INFORMATION SUPPLIED:
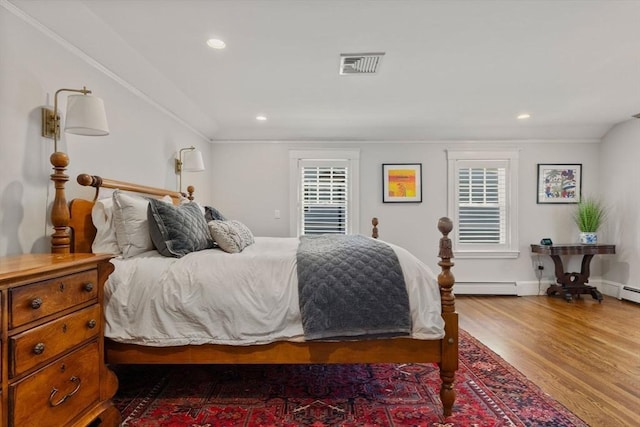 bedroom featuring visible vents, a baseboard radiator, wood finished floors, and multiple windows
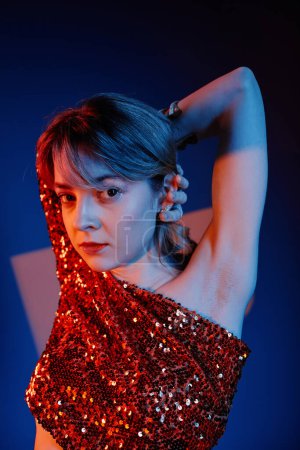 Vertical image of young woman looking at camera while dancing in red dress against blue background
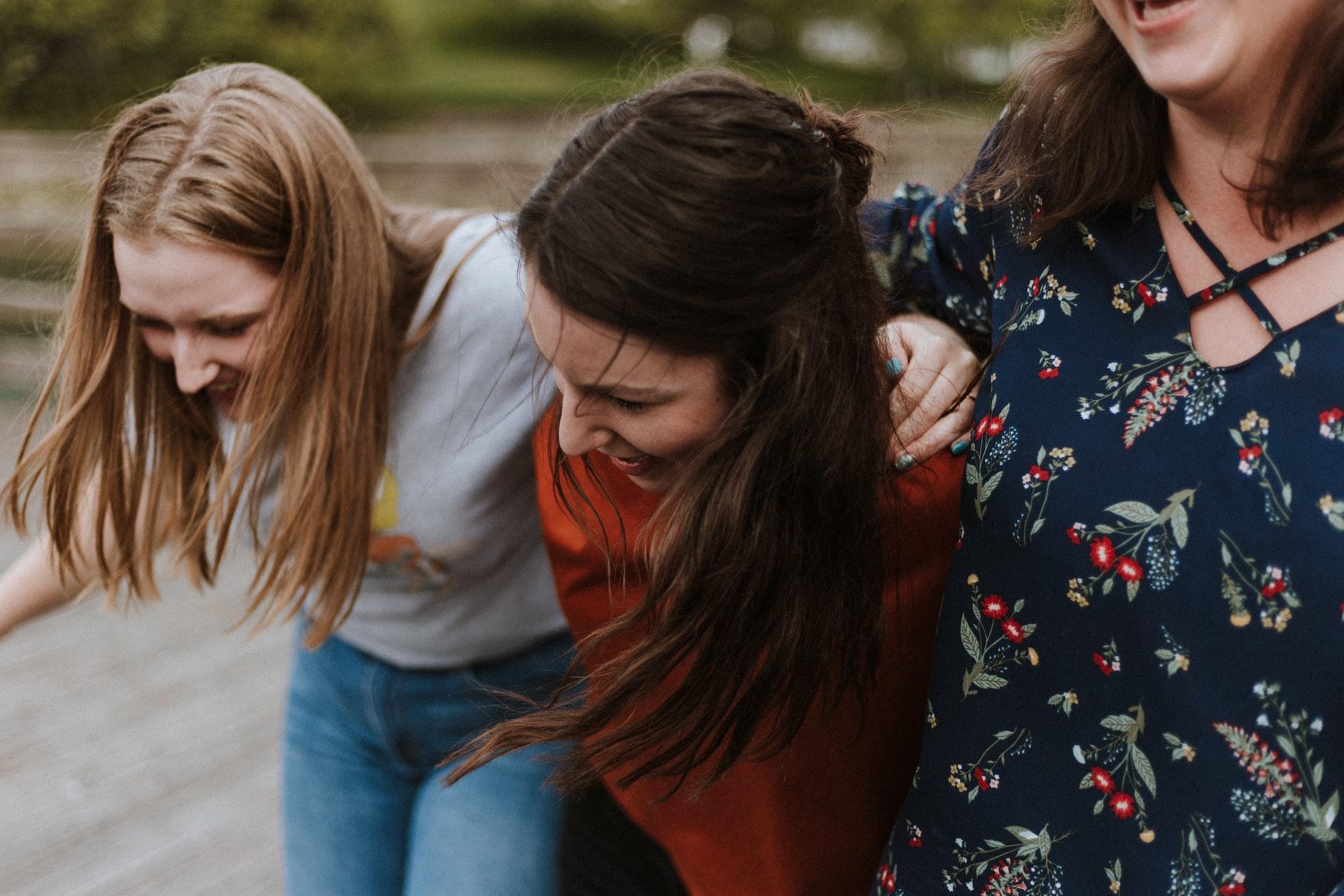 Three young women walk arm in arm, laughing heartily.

PROMPT: Write out the listing above exactly, images omitted.

RESPONSE FOR THIS EXERCISE:
 bedroom featuring visible vents, a baseboard radiator, wood finished floors, and multiple windows
 Vertical image of young woman looking at camera while dancing in red dress against blue background
 Three young women walk arm in arm, laughing heartily.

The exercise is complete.